* **DATA PROVIDED**:
========

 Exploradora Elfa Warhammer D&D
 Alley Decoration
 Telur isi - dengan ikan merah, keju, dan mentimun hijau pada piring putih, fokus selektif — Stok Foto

========

* **TASK PROMPT**:
So that nothing is lost, return the listing exactly and completely.

* **EXERCISE ANSWER**:
 Exploradora Elfa Warhammer D&D
 Alley Decoration
 Telur isi - dengan ikan merah, keju, dan mentimun hijau pada piring putih, fokus selektif — Stok Foto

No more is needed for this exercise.